Trilha dágua[2] e, por extensão, a poesia de Alcides Werk, é um livro onde a vida pulsa a cada poema, porque a “obra de arte é uma coisa viva”, já nos ensinou o poeta. Da sua vivência no interior do Amazonas, Alcides foi buscar a matéria prima para a sua poesia. Assim é que o livro, dividido em quatro partes mais um glossário, abre com o poema “Opção”, uma espécie de poética de Alcides, onde a relação “o homem e a terra”, título dessa primeira parte, é explorada num processo de sobreposição de imagens, que se vão toldando, até o arremate:
– Eu canto para o homem.
(p. 27-28)
Ao conceito de terra cansada, contrapõe-se a imagem do homem cansado, marginalizado.
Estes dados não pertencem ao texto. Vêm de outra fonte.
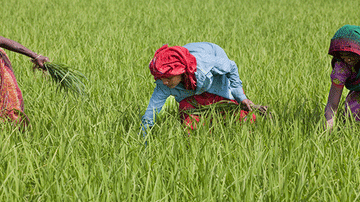 Menschen pflücken Reis auf einem Feld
Ali estava feita a opção, que se desdobra em muitos outros poemas, como “Do homem”, onde o poeta define a abrangência, a intensidade e a profundidade de seu canto, revelando:
E toda lembrança
que trago comigo
é o Homem nascendo
é o Homem cantando
é o Homem caindo
é o Homem se erguendo
é o Homem domando
é o Homem tecendo
o imenso milagre
da aurora que vem.
(p. 30)
O ritmo amazônico vem embalado em versos curtos, de 5 sílabas, mesmo quando dissimulado em versos livres:
O barco passando e a onda molhando
o menino molhado, na porta da frente.
O homem doente
deitado na rede
com os olhos cansados de espanto e de mágoa
de ver tanta água
de ver tanta água
(p. 38)
São registros de vida que se sucedem, como se captados por uma câmera:
As águas do lago
no início da noite
são como um espelho
que o casco estilhaça
com a força do remo.
(p. 50)



[1] Alcides Werk, “Traços autobiográficos”, na antologia Marupiara. Manaus: Edições Governo do Estado, 1988. 
[2] WERK, Alcides. Trilha dágua. 5ª ed. Manaus: Valer/Governo do Amazonas, 2000.